À l’hôpital du district de Luuq, financé en partie par le Fonds des Nations Unies pour l’enfance (UNICEF), l’agence onusienne travaille avec une agence caritative irlandaise, Trocaire, pour traiter, nourrir et stabiliser les enfants admis souffrant de malnutrition sévère.
Le personnel local dit avoir constaté une aggravation de la situation. « En janvier, 62 enfants malnutris ont été admis ici.
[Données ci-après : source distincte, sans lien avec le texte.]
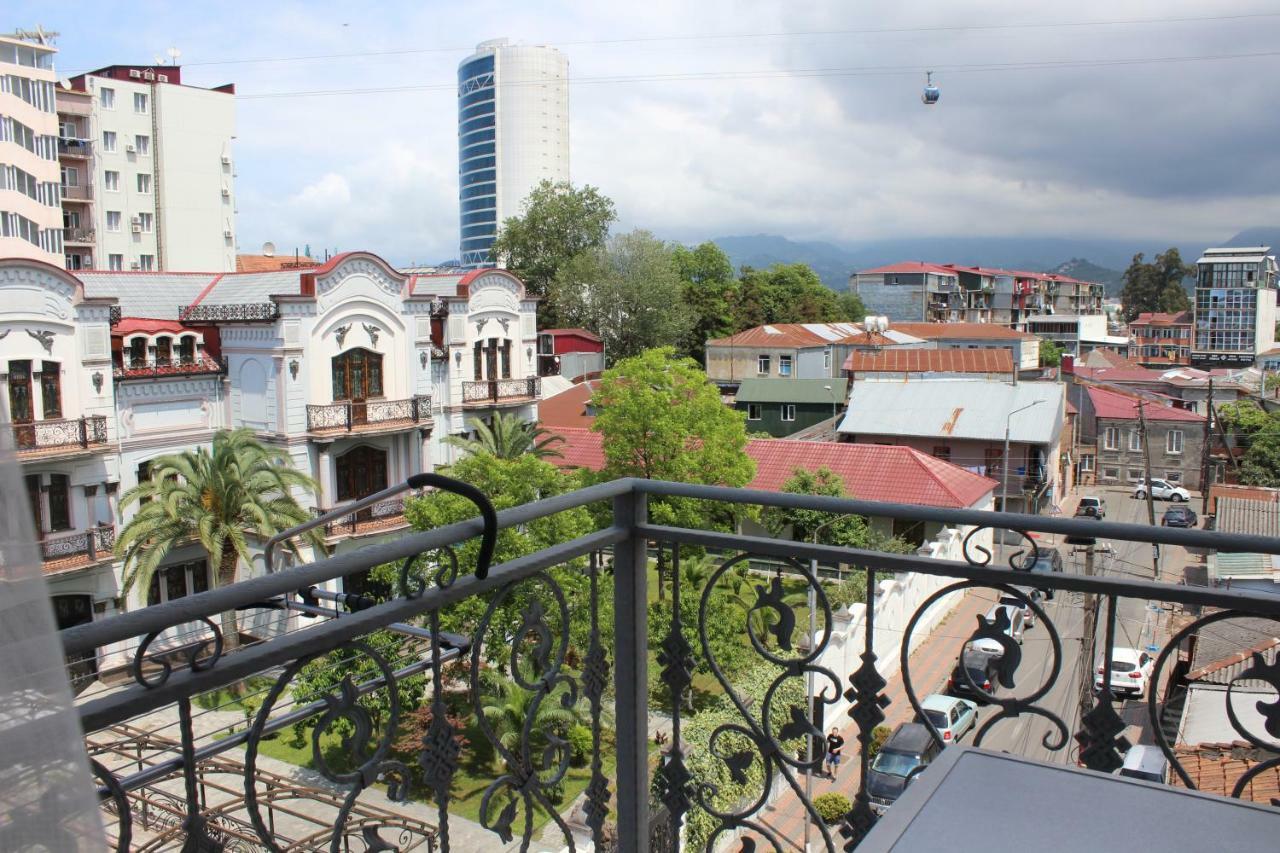 Hotel Union Batumi Exterior foto
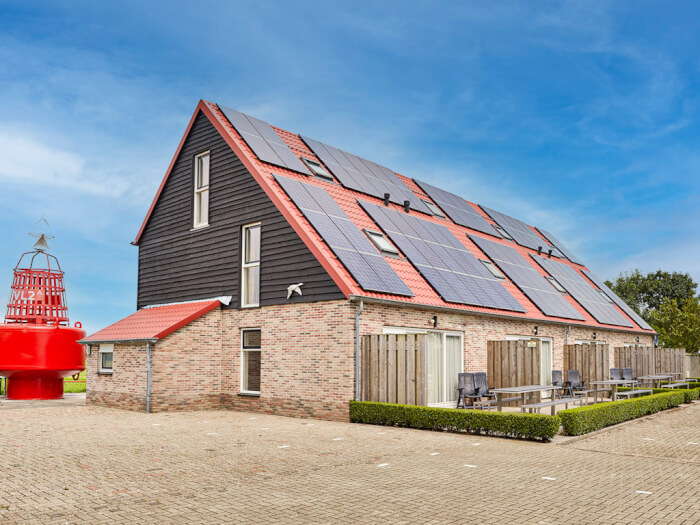 Vakantiewoning in Hippolytushoef (Noord-Holland) voor 20 personen met 8 slaapkamers.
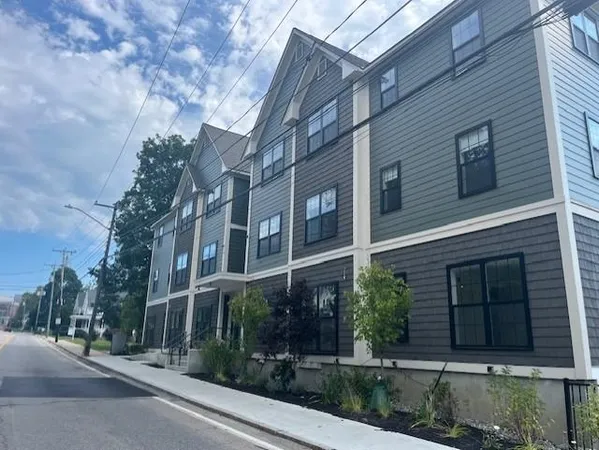 $399,900 | 725-727 Central Avenue, Unit 302, Dover, NH 03820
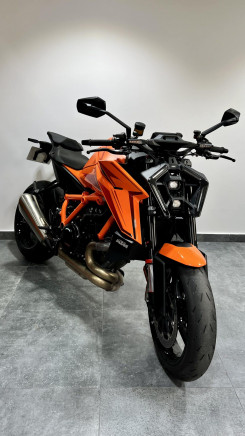 KTM 1390 SUPER DUKE R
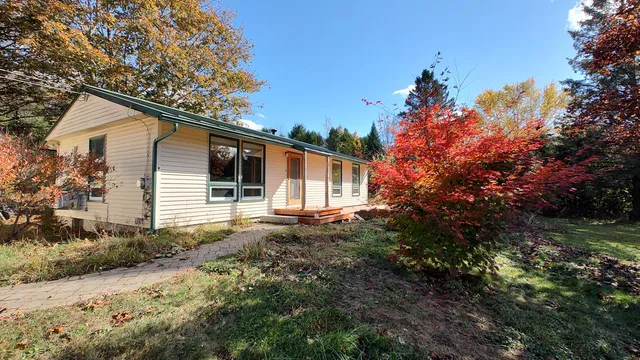 $298,500 | 4 Cedar Street, Bucksport, ME 04416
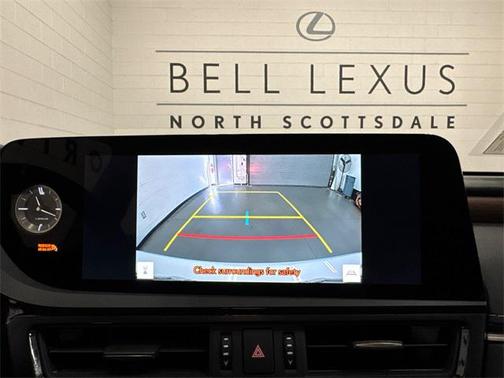 2025 Lexus ES 300h Base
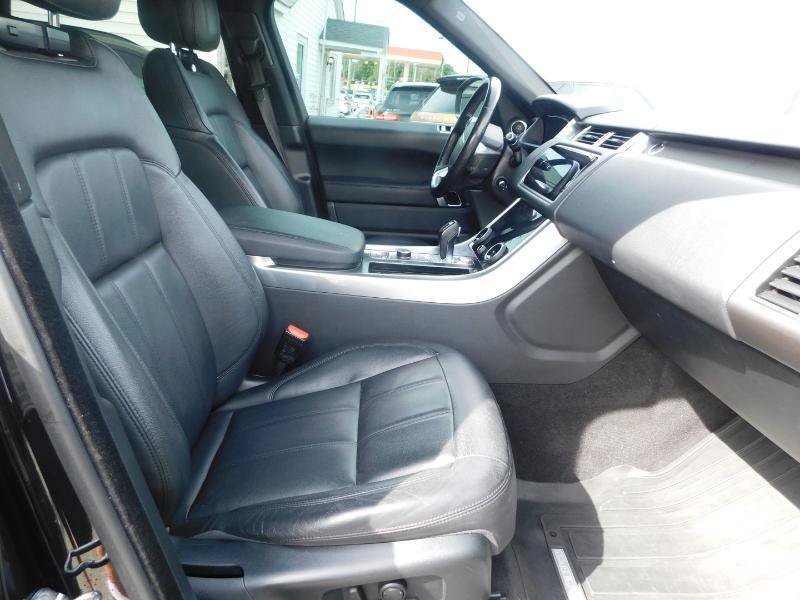 Used 2018 Land Rover Range Rover Sport SE AWD/4WD image 4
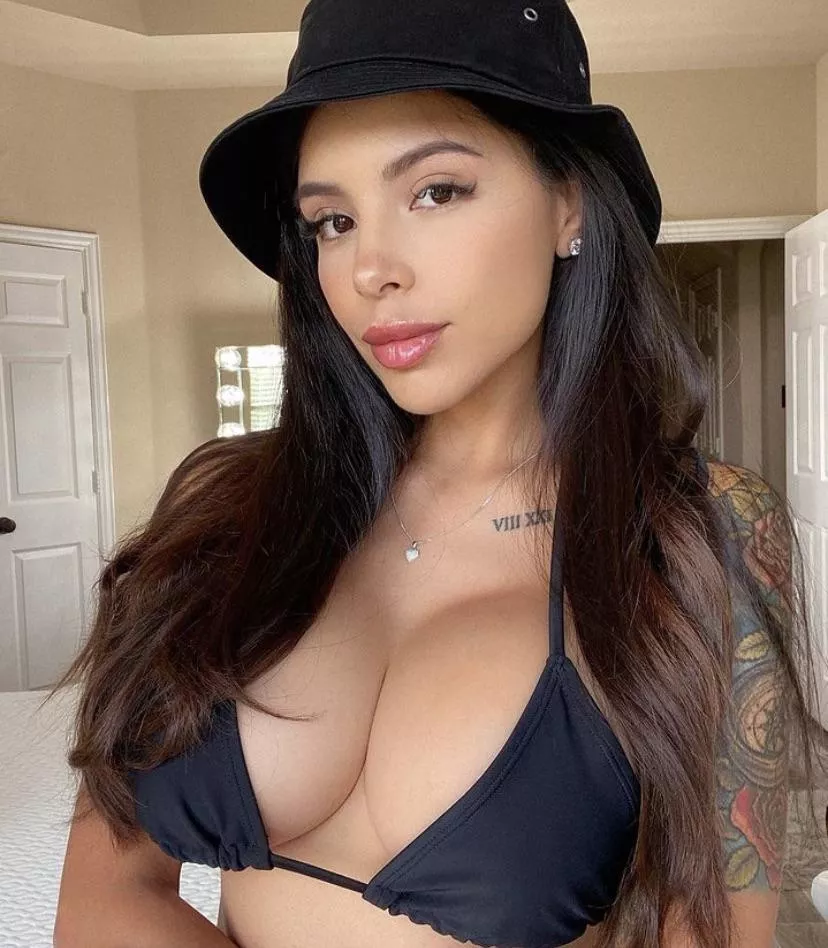 [F28] miss Hypno posted by MistressMaryterry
En février, le nombre est passé à 100, et au 21 mars, le nombre s’élève à 114 », a déclaré l’infirmier en chef de l’hôpital, Abdirahman Mohamed Kasim.
« Dès que ces enfants arrivent à l’hôpital, poursuit-il, nous leur donnons du lait pour les stades primaires et secondaires de la malnutrition, et, après leur rétablissement, nous les transférons vers d’autres centres d’alimentation où ils reçoivent des biscuits à haute teneur énergétique et des traitements contre d’autres maladies ».
« Cette sécheresse a anéanti tout ce que nous avions »
Ailleurs à Luuq, le Programme alimentaire mondial des Nations Unies (PAM), qui met en œuvre des programmes de bons d’alimentation et d’argent pour les groupes vulnérables en Somalie, fournit un soutien nutritionnel préventif et curatif aux femmes et aux enfants.
L’agence humanitaire alimentaire intensifie ses interventions, visant à soutenir 2,5 millions de personnes avec une aide alimentaire au cours du premier semestre de cette année, mais – comme tant d’autres agences des Nations Unies – elle ne peut le faire que si elle reçoit plus de financement ; dans ce cas, quelque 203 millions de dollars pour combler un déficit de financement.
Pour M. Yarrow, regardant de chez lui dans le camp de personnes déplacées de Luuq, les questions de financement de la réponse humanitaire du pays sont des questions lointaines, d’experts, loin de ses préoccupations. Ses besoins, et ceux des nombreux autres Somaliens déplacés confrontés à la famine, sont plus immédiats.
« Cette sécheresse a anéanti tout ce que nous avions », dit-il. « Nous sommes soulagés d’être ici dans ce camp de personnes déplacées où nous recevons de l’aide, mais nous sommes trop nombreux et nous luttons. La nourriture, l’eau et les abris ne suffisent pas. Il y a beaucoup de femmes, de personnes âgées et d’enfants qui souffrent de malnutrition et qui sont malades, mais qui n’ont pas de médicaments. Nous faisons de notre mieux pour survivre, mais nous avons besoin d’aide ».